He continued: “Scotland voted to stay in the EU, we cannot, we will not be ripped out of the single market and customs union against our will.”

May responded that the decisions that led to the approach in her speech were taken by the whole Cabinet, not just by the Brexit sub-group of the Cabinet and accused Blackford of having “tunnel vision” on the single market and customs union.

Labour leader Jeremy Corbyn, also replying to May’s statement in the Commons, said there have been “20 wasted months” since the EU referendum in which the “arrogance” of some of the Cabinet who said it would be the “easiest deal in history” has turned into “debilitating infighting”.

He said: “We’ve seen set-piece speech after set-piece speech and yet the Prime Minister still cannot bring clarity to these negotiations and still cannot bring certainty to British businesses or workers.

“The Prime Minister’s speech on Friday promised to unite the nation, but it barely papered over the cracks in her own party.”

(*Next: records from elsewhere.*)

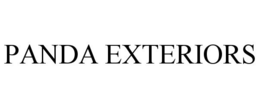 PANDA EXTERIORS trademark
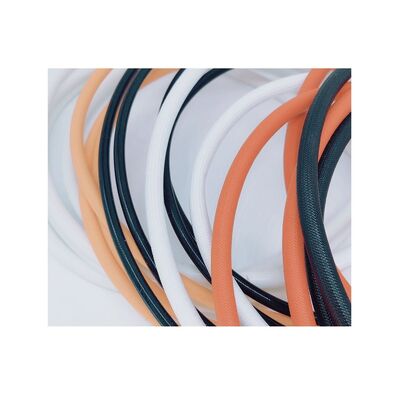 ভালো দাম দুর্দান্ত নমনীয়তা সিলিকন ফাইবারগ্লাস স্লিভ হোয়াইট আইসোলেশন প্রতিরোধী টিউবিং ক্যাবল সুরক্ষা এবং তাপ প্রতিরোধের জন্য অনলাইন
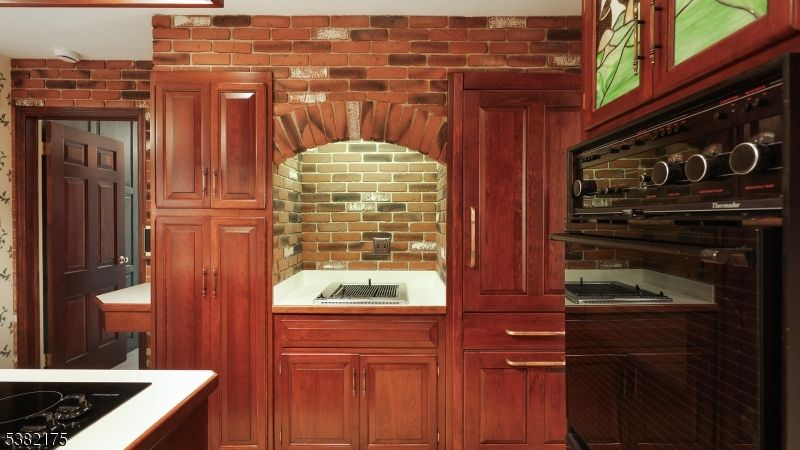 Interior, Kitchen, Stone Walls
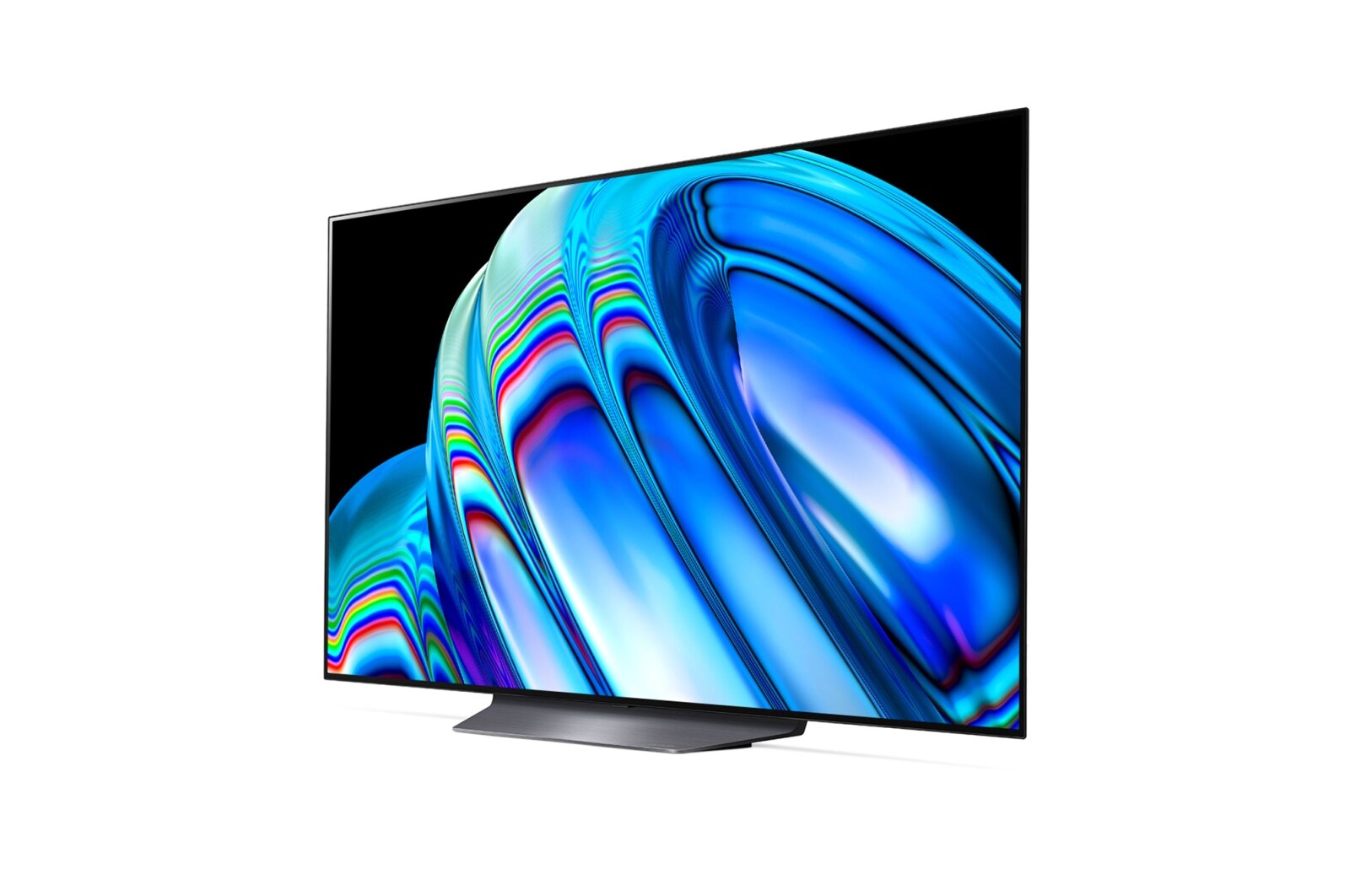 LG 139 cm (55) OLED TV (B2) with α7 Gen5 AI Processor 4K, Dolby Vision, HDR 10 Pro and HLG mode, VRR, OLED55B2PSA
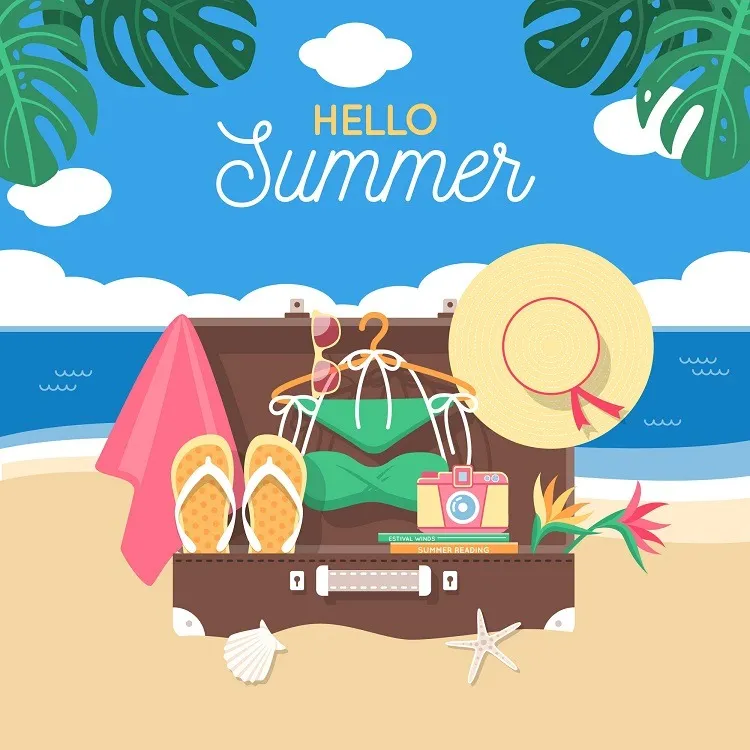 ของสำหรับเที่ยวช่วงหน้าร้อน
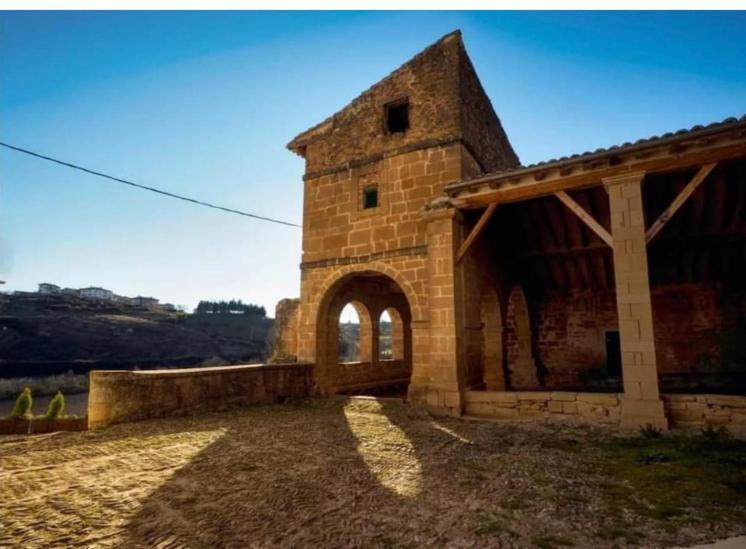 Migueltxoenea Villa Lacar Esterno foto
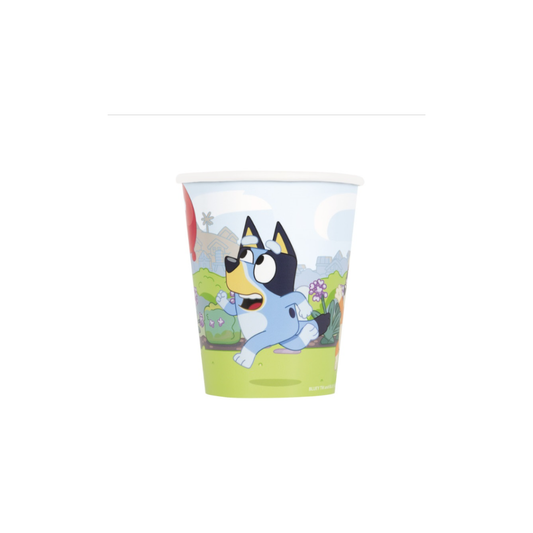 Bluey 9oz Paper Cups 8ct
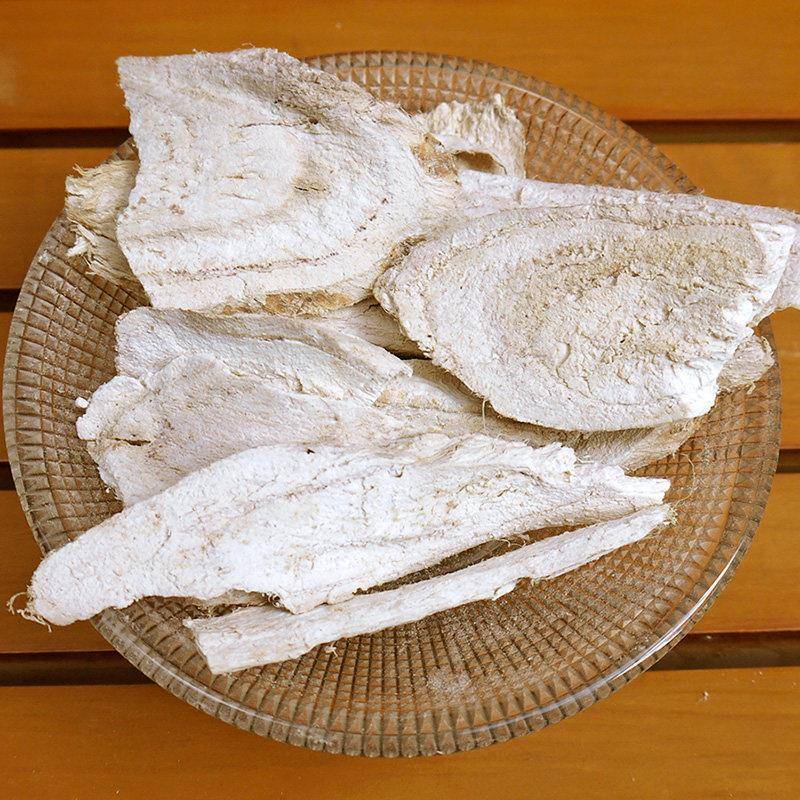 包邮 精选大片 云南深山天然粉葛根片500g 可磨葛根粉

Corbyn questioned if a good trade deal could be reached with President Donald Trump’s administration after the United States’ “unilateral imposition of tariffs on steel and aluminium imports, which follows their disgraceful attack on Bombardier”. May, in her reply, said on steel tariffs: “I spoke to President Trump about this yesterday.

“Can I just say to you that we’re much more likely to get a positive response by engaging with the United States of America rather than by standing on the sidelines sniping and shouting at them, as you always do.”

Earlier in her statement, May said: “We cannot escape the complexity of the task ahead.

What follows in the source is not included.